Long Islanders looking ahead to Labor Day weekend will also want to keep a close eye on the track of a tropical storm that’s now in the Gulf of Mexico.
Weekend weather conditions on the Island could be affected by Tropical Storm Hermine (pronounced her-MEEN), set to make landfall Thursday along the bend in Florida’s northwest coast.
As of Wednesday afternoon, there was “a one in three chance” for Long Island to experience direct or indirect impacts from the storm, said Gary Conte, a National Weather Service meteorologist based in Upton.
Forecasters have been “receiving more and more signals” through computer models that Long Island could experience some impacts, which could include “tropical storm-force winds and or heavy rain” from late day Saturday through early Monday, he said. There’s also a potential for flooding, storm surge and beach erosion.

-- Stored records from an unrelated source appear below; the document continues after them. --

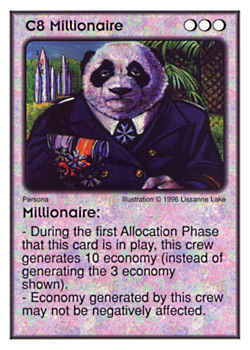 Need: 3    Want: 8    Have: 2    Will Trade: 0    In Storage: 0              C8 ‑ Millionaire  Set: Per  Rarity: V1    Artist: Lissanne Lake    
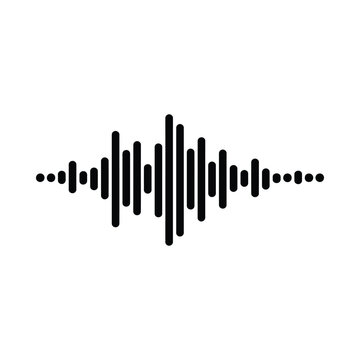sound wave icon black silhouette on white background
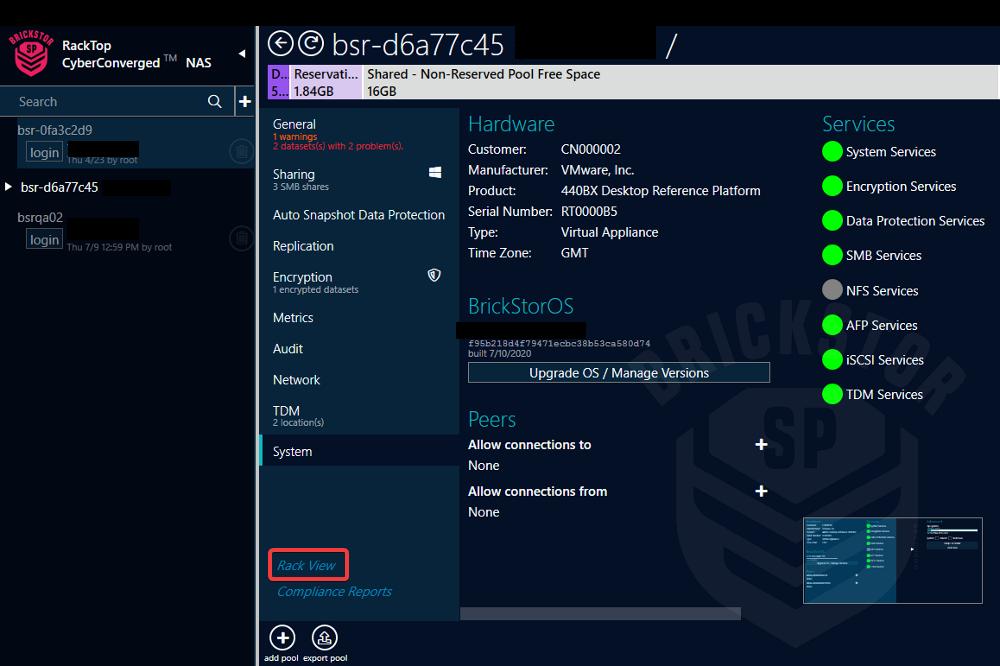 bsm access rack view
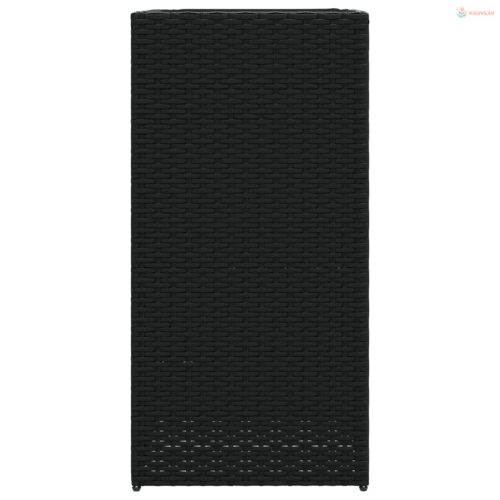 2 db fekete polyrattan kerti ültetőláda 40x40x80 cm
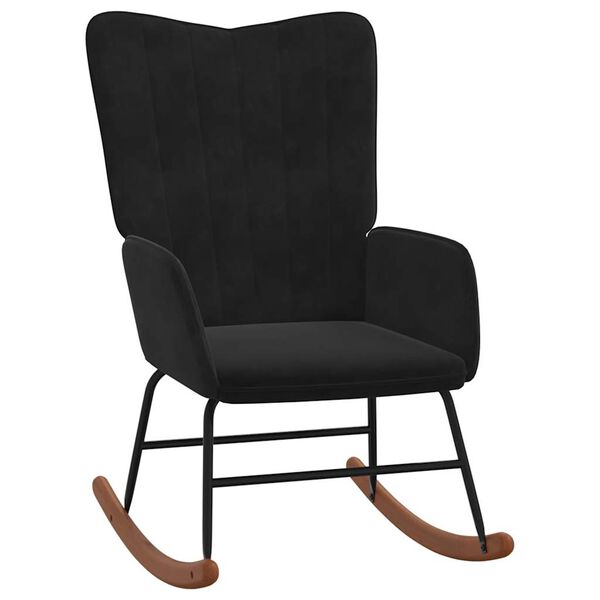 vidaXL gyngestol med fodskammel fl&oslash;jl sort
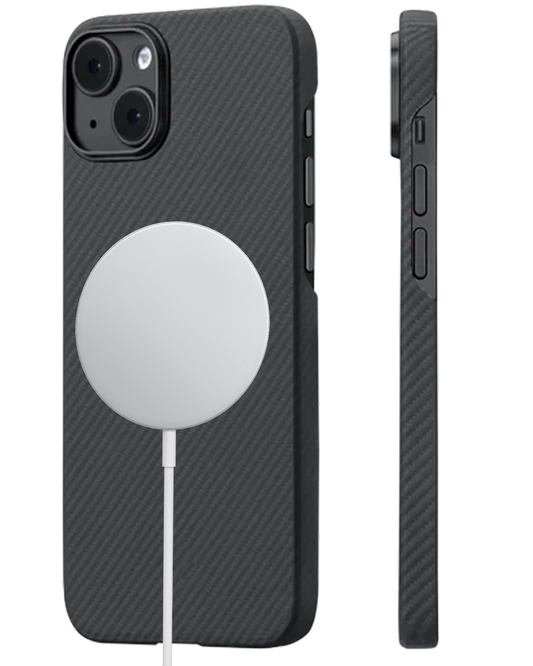 showing iPhone 15 plus aramid fiber case with magsafe charger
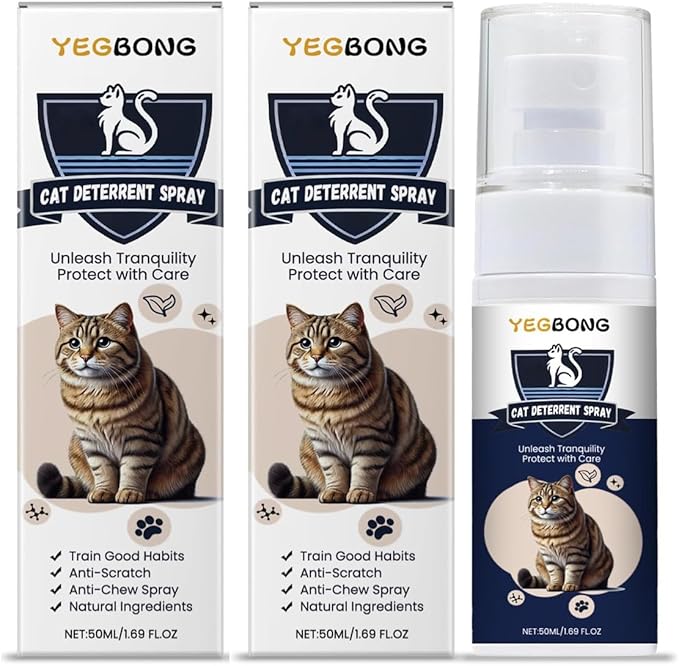 Natural Cat Training Spray - A Non-Toxic, Blue-Colored Deterrent Formula That Safely Protects Both Indoor and Outdoor Furniture from Scratching，2Pcs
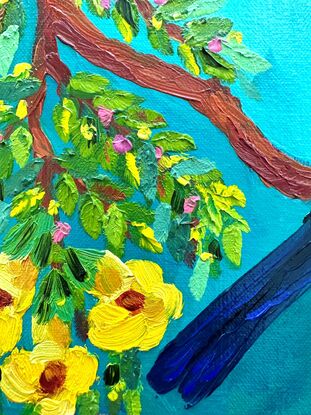 An oil painting of a blue Kingfisher bird amongst yellow Jacaranda flowers.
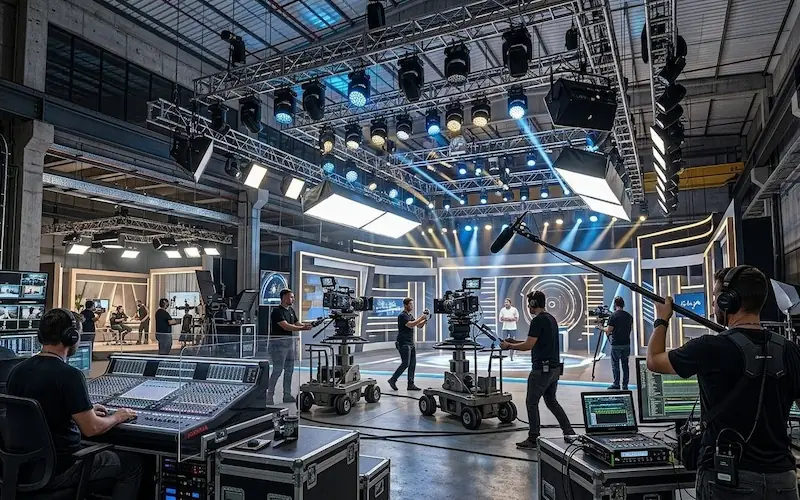 Equipamentos de filmagem nos bastidores da Guerra Culinária Netflix.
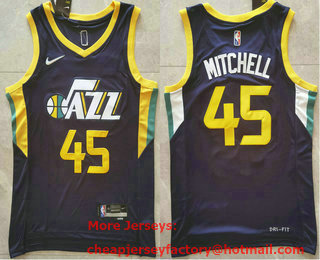 Men's Utah Jazz #45 Donovan Mitchell 75th Anniversary Diamond Navy Blue 2021 Stitched Jersey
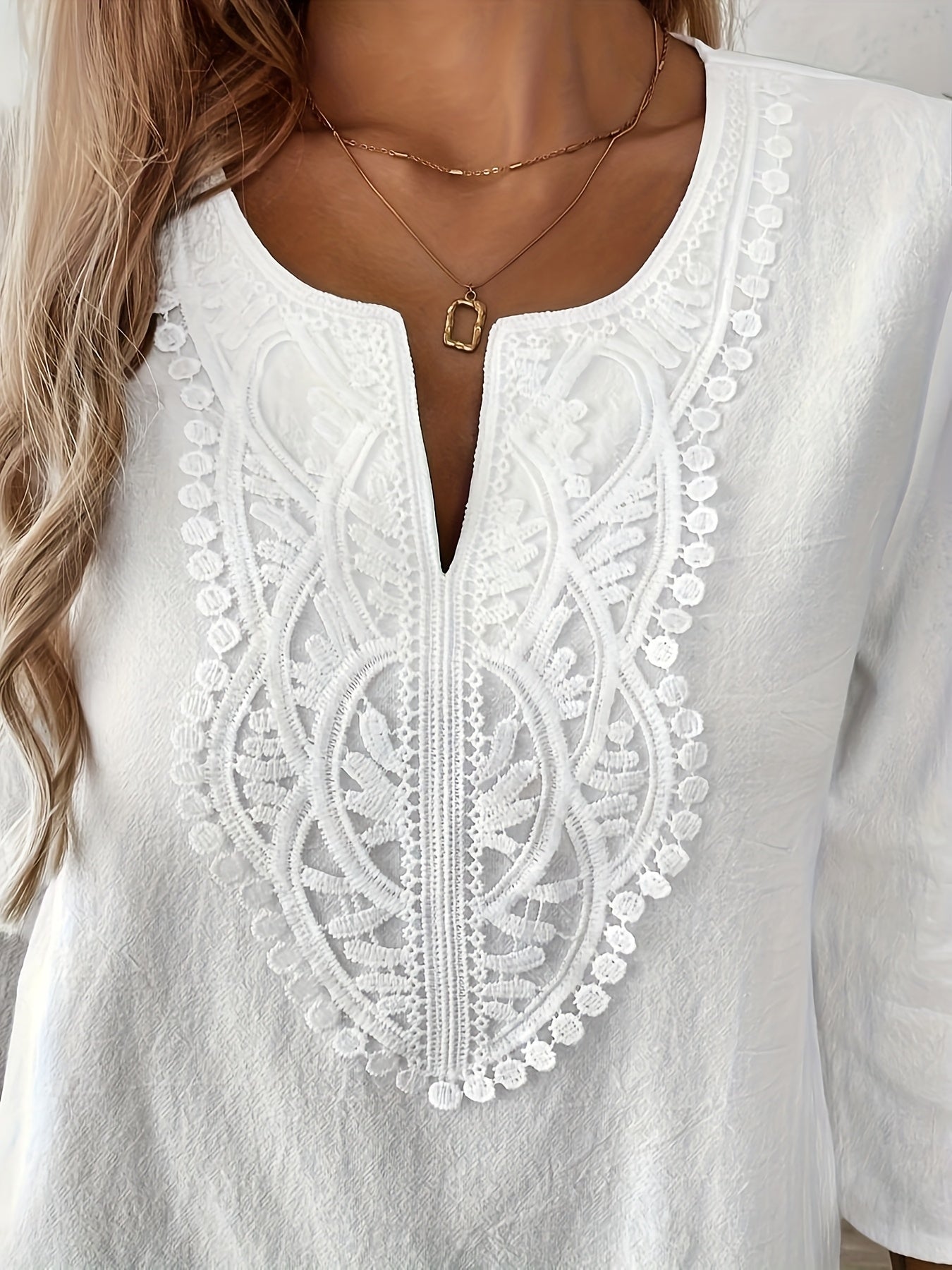 Damen Boho-Bluse mit Stickerei und 3/4-Ärmeln – Elegante Tunika für Alltag & Freizeit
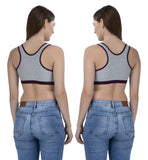 FEMULA Mary Stretchable Cotton Grey Sports Vest Bra for Girls & Women (2PC)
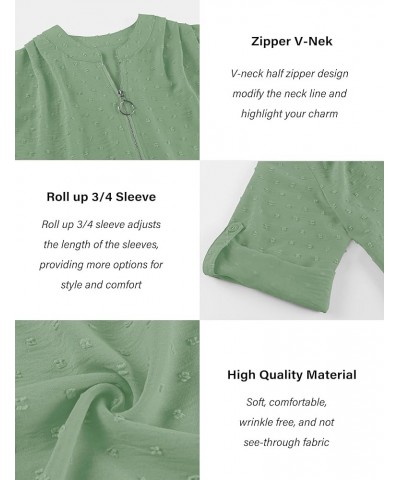 Women's Casual 3/4 Sleeve V Neck Blouses Zipper Dressy Casual Loose Summer Tops Tunics Office Shirts S-XXL Mint Green $13.49 ...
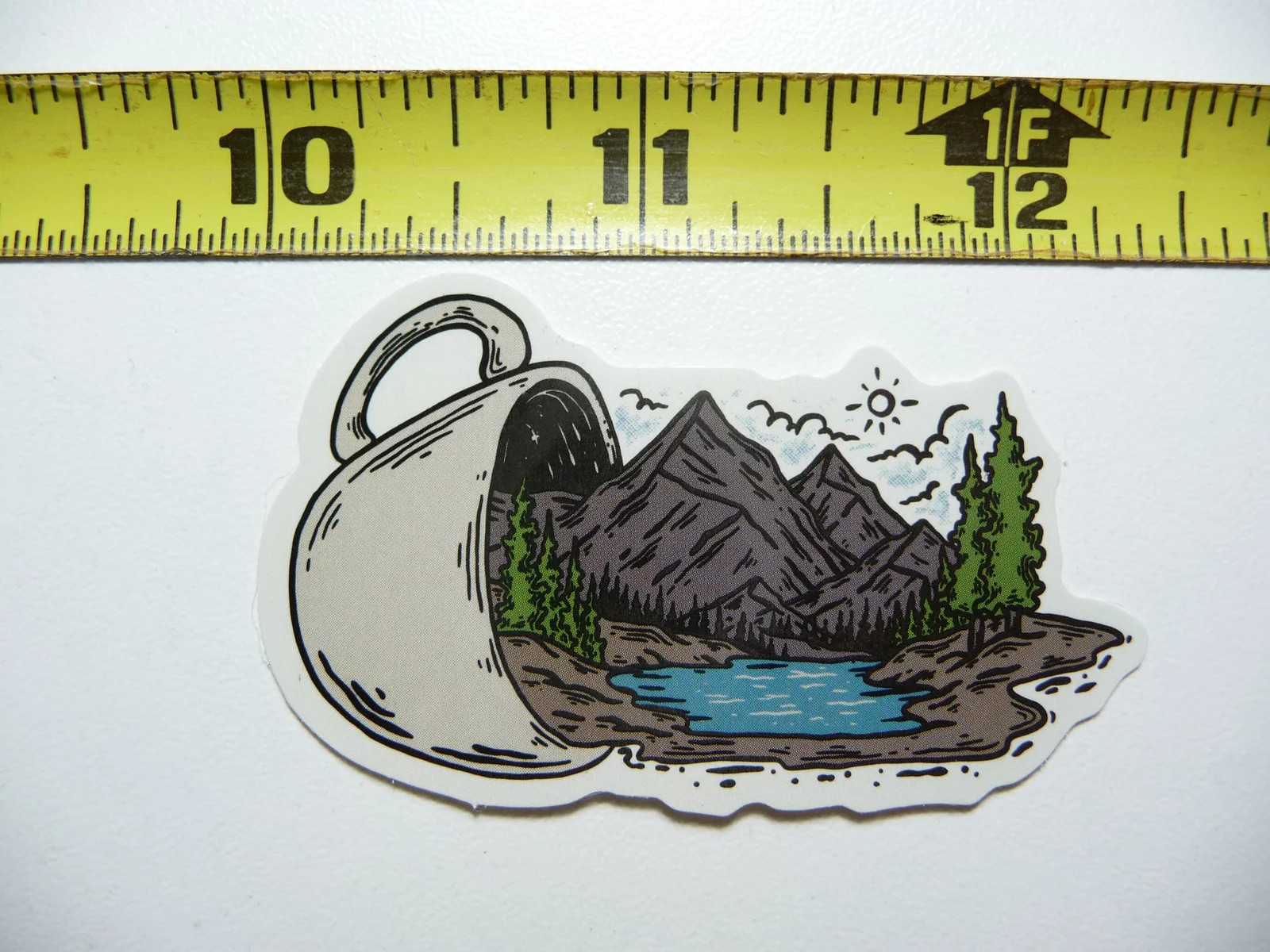 FUN COFFEE CUP NATURE SCENE SMALL STICKER DECAL HIKING CAMPING WOODS GEAR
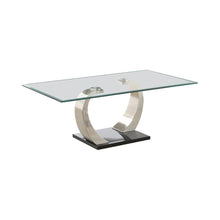 Load image into Gallery viewer, Pruitt Glass Top Coffee Table Clear and Satin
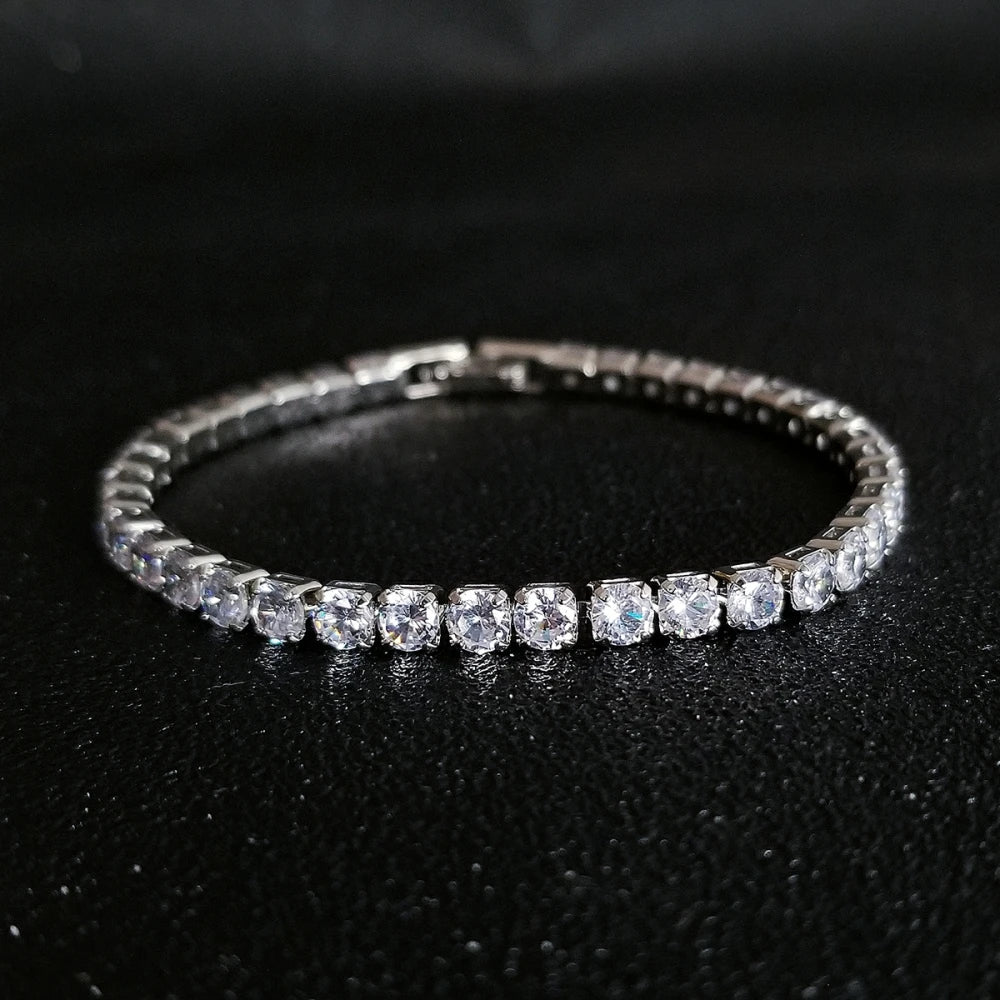 Pulsera de princesa de Color plateado para mujer, brazalete de lujo de 4MM y 17CM, regalo de aniversario, joyería al por mayor, S5650, novedad de 2024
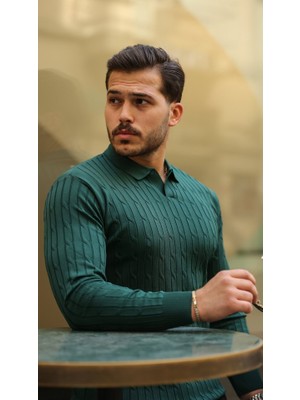 Buğrahayalin Erkek Saç Örgü Desen Uzun Kollu Triko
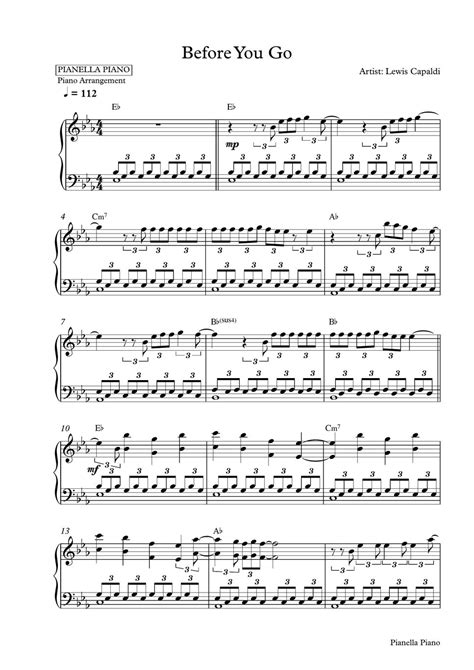 Lewis Capaldi Before You Go Piano Sheet 楽譜 By Pianella Piano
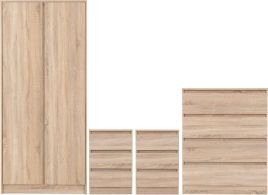Wardrobe Set - MALDEN 2 Door Bedroom Set Sonoma Oak Effect 80cm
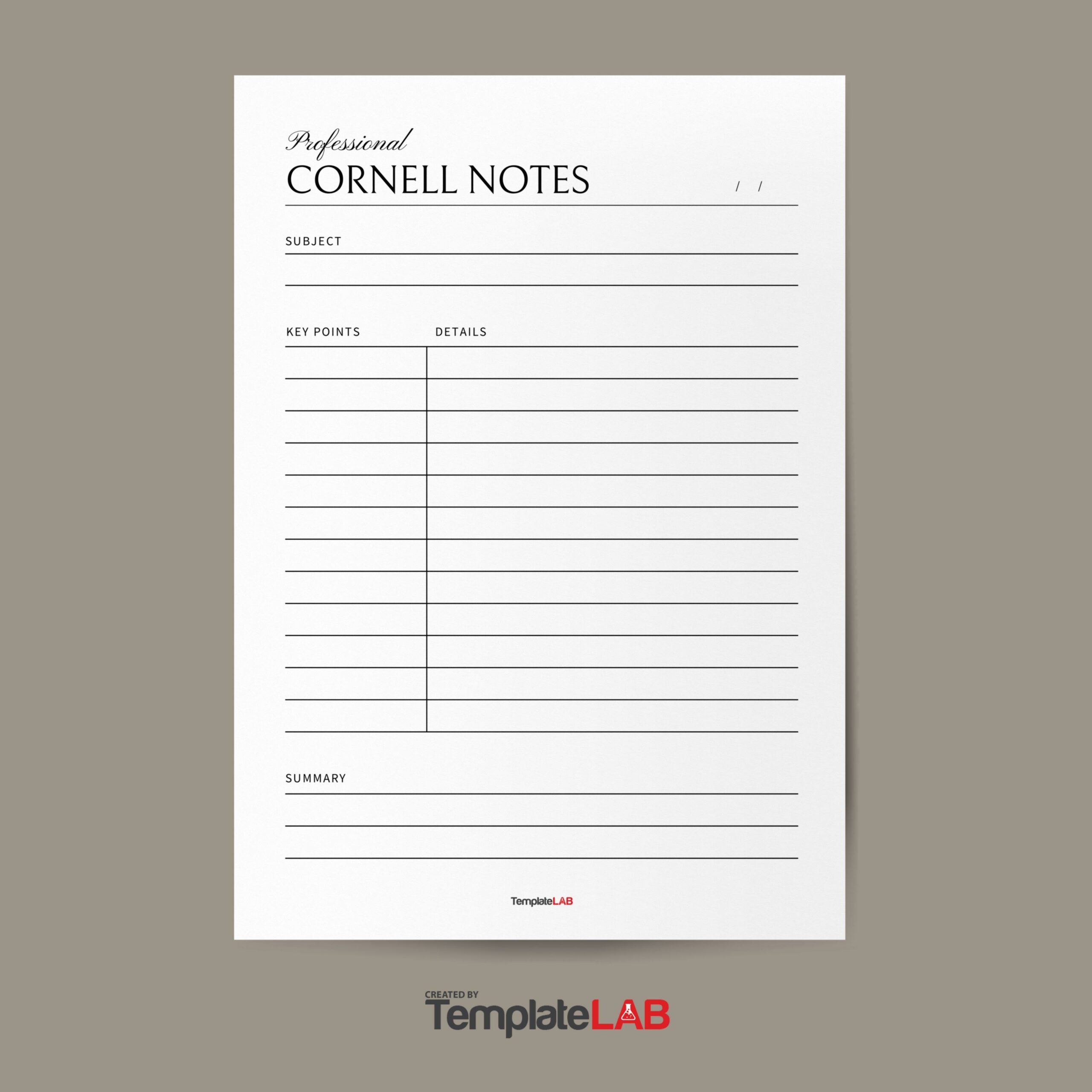 16 Printable Cornell Notes Templates Word Excel PDF 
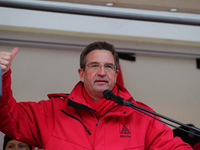 Jürgen Wechsler taking part in a strike at a BMW factory site in Munich, Germany, 2 February 2017. A few thousand came to the rally in front...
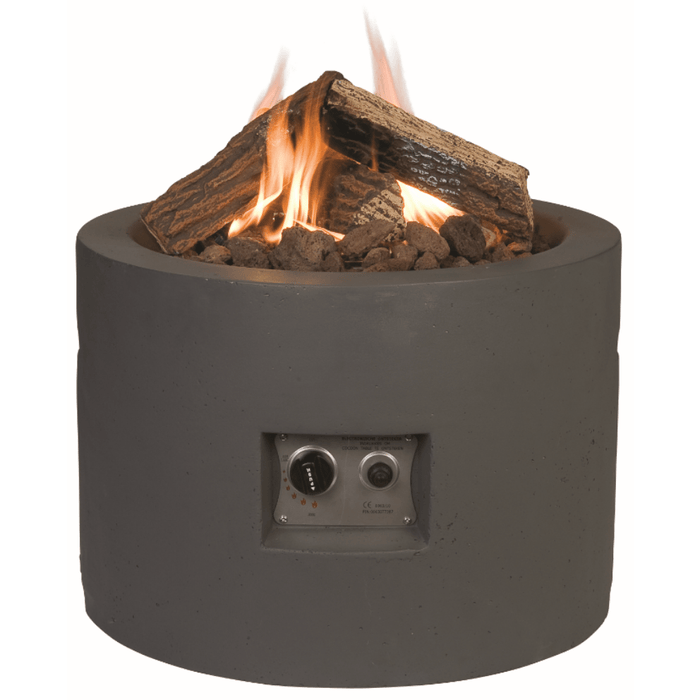 Happy Cocooning Gas Fired Round 61cm Fire Bowl Grey and Black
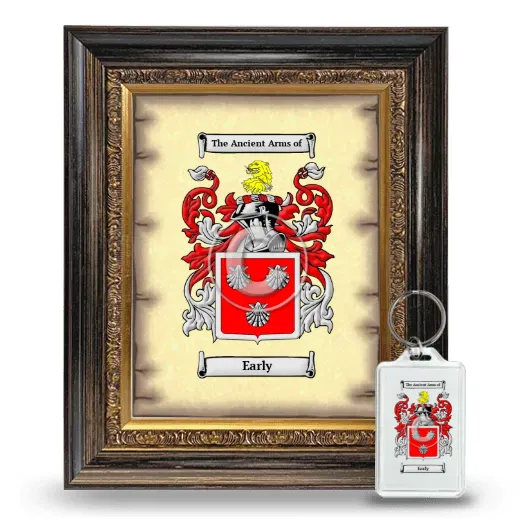 Early Framed Coat of Arms and Keychain - Heirloom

“As is normal with storms like this, there will probably be some changes in the forecast — but right now, a shift far enough out to sea to completely miss Long Island is not likely,” said Bill Korbel, News 12 meteorologist. “Not hurricane conditions, but not what we want to see on the Labor Day weekend.”
At the very least for Long Island, there’s high confidence in “dangerous rip currents and high surf” continuing at Atlantic-facing beaches through the weekend, Conte said.
The National Hurricane Center’s Wednesday update called for Hermine to continue its northeast path across Florida and Georgia, with expectations for it to head up to North Carolina by Friday into Saturday.
Indeed, the center’s late afternoon update shifted the track farther to the west, keeping the storm over land as it heads northeast — but that path is not set in stone, said Faye Barthold, also a weather service meteorologist in Upton. As further data come in, there could be different shifts, she said.
If the center’s forecast “is even close to being accurate, we will see gusty winds and some heavy rain showers by Sunday,” Korbel said.
Expect the scenario to come into better focus as of Friday, Conte said.
Meanwhile, swells from Hurricane Gaston, which has stayed well out to sea, have resulted in high rip current risks this week at Atlantic-facing beaches.
As Gaston moves out of the picture, a tropical depression, well off the North Carolina coast on Wednesday, will keep the rip current danger going, Conte said, to be followed by Hermine — the “new player.”
If Saturday does turn out to be “beautiful, a sunny day,” he said, beachgoers are still strongly advised to stick close to lifeguards and heed their instructions.